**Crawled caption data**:

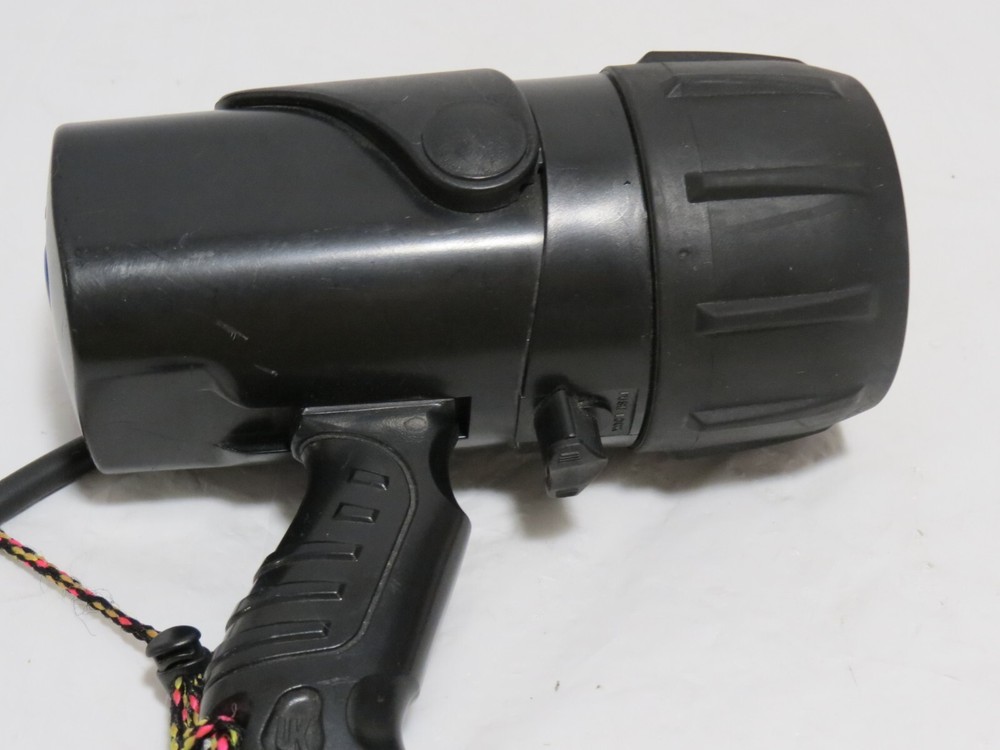 UNDERWATER KINETICS D8 Xenon Dive Light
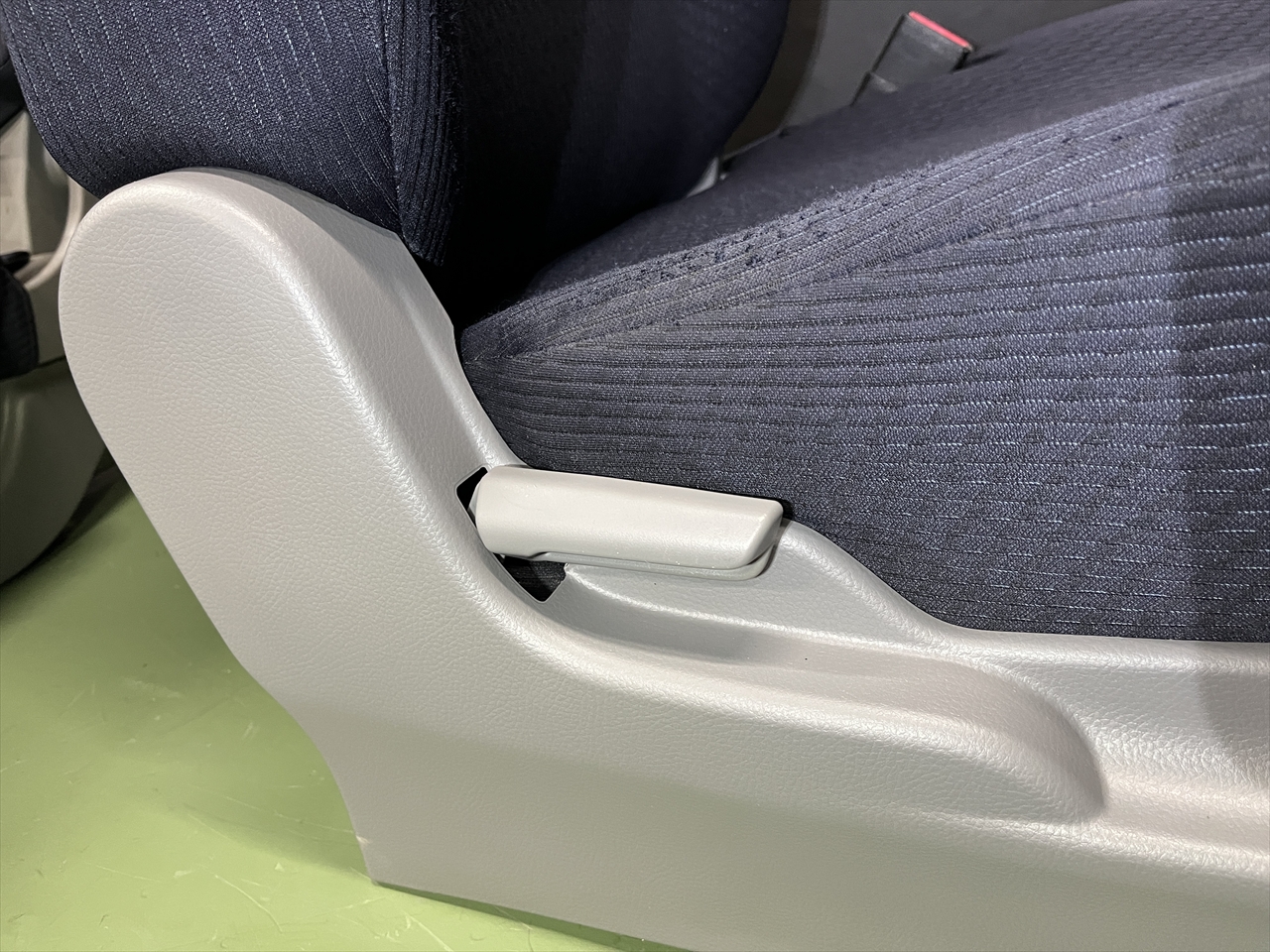 車内クリーニング (タバコ臭)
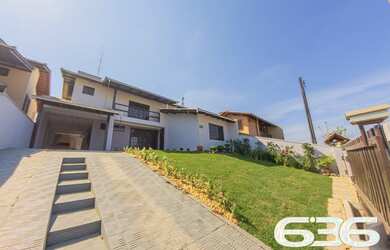 Imagem: A casa possui 4 Dormitórios, 5 Banheiros, 2 Vagas na garagem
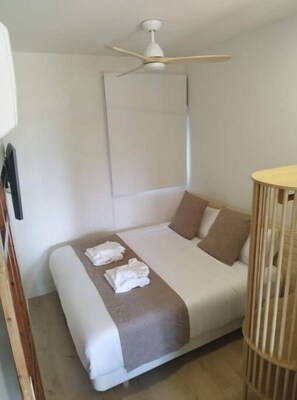 1 slaapkamer, een strijkplank/strijkijzer, wifi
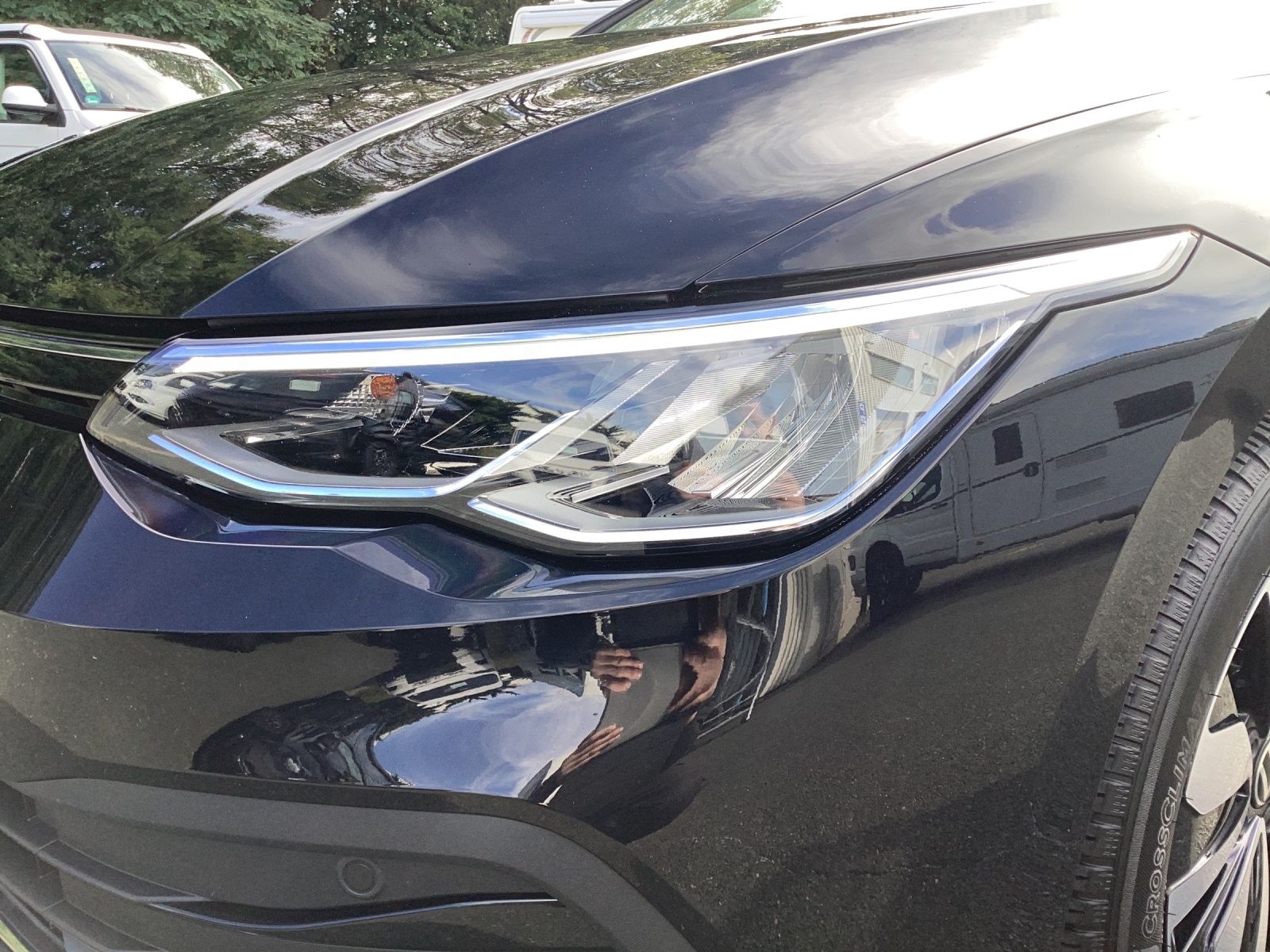 Fahrzeugabbildung Volkswagen Golf VIII TDI 1,99% DSG AHK ACC Kamera LED AID N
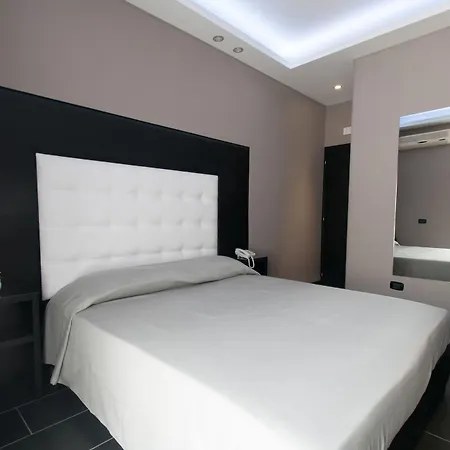 Hotel Fly Boutique 3*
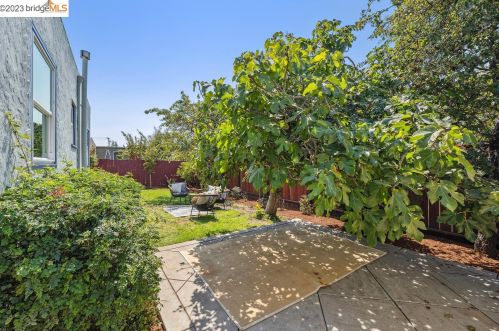 944 Ky Rte, Berkeley CA 94706-1423 exterior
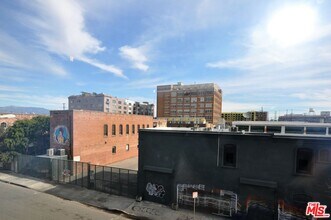 691 Mill St in Los Angeles, CA - Building Photo - Building Photo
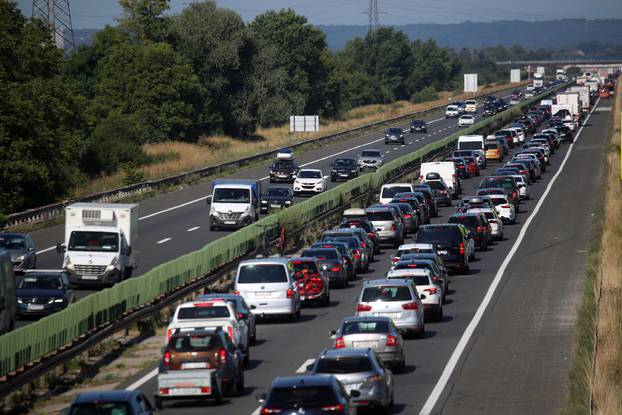 Udarni turistički vikend u punom jeku, gužve su na cestama od jutra 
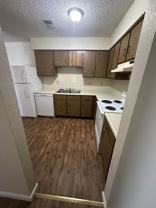 Hollister Apartments - Photo 1 of 1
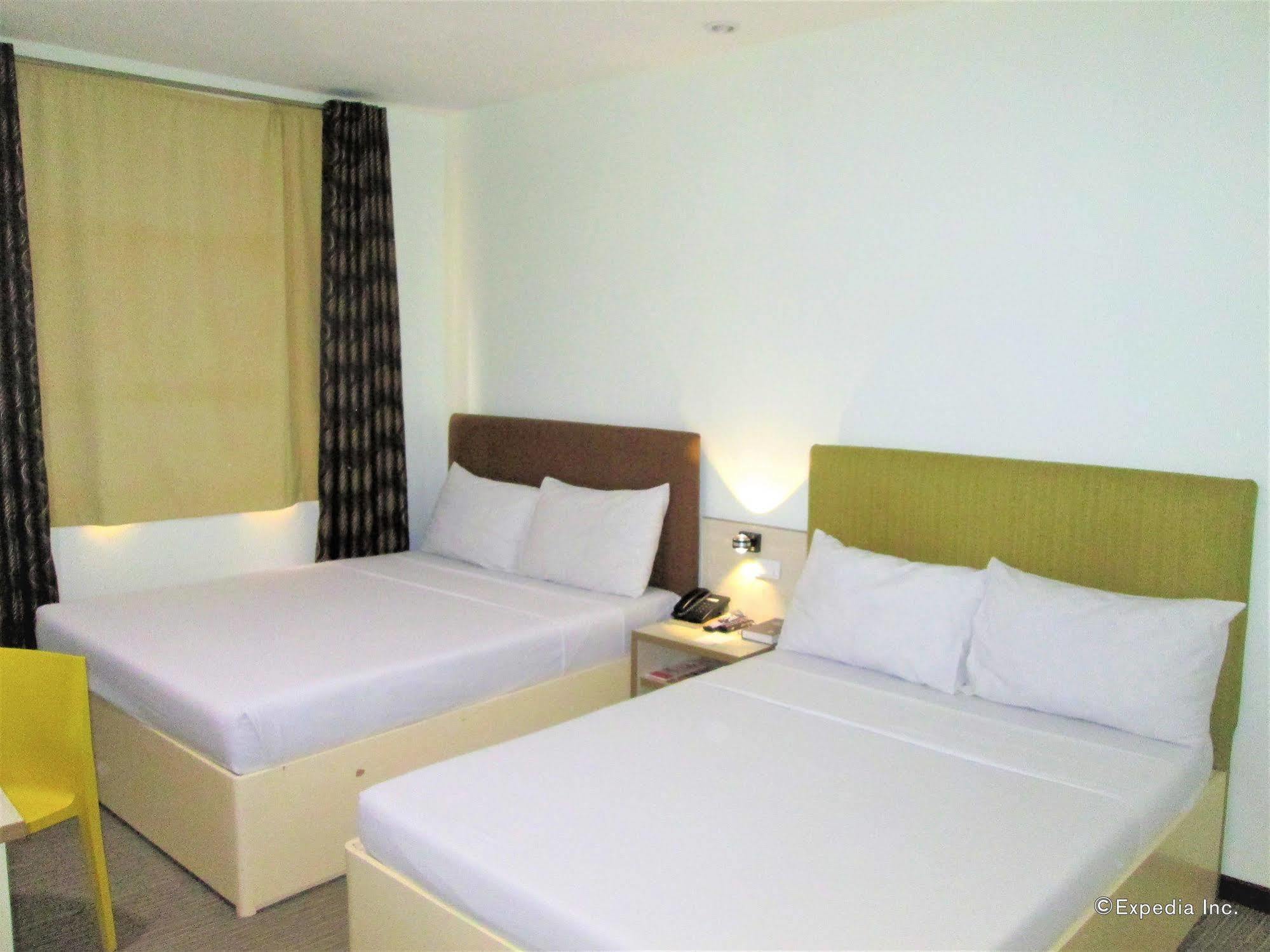 Marianne Suites Cagayan de Oro Kültér fotó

**Assigned task**: When you reproduce the entries above, keep every word exactly and leave out each picture.

**Answer area**:
 UNDERWATER KINETICS D8 Xenon Dive Light
 車内クリーニング (タバコ臭)
 Imagem: A casa possui 4 Dormitórios, 5 Banheiros, 2 Vagas na garagem
 1 slaapkamer, een strijkplank/strijkijzer, wifi
 Fahrzeugabbildung Volkswagen Golf VIII TDI 1,99% DSG AHK ACC Kamera LED AID N
 Hotel Fly Boutique 3*
 944 Ky Rte, Berkeley CA 94706-1423 exterior
 691 Mill St in Los Angeles, CA - Building Photo - Building Photo
 Udarni turistički vikend u punom jeku, gužve su na cestama od jutra 
 Hollister Apartments - Photo 1 of 1
 Marianne Suites Cagayan de Oro Kültér fotó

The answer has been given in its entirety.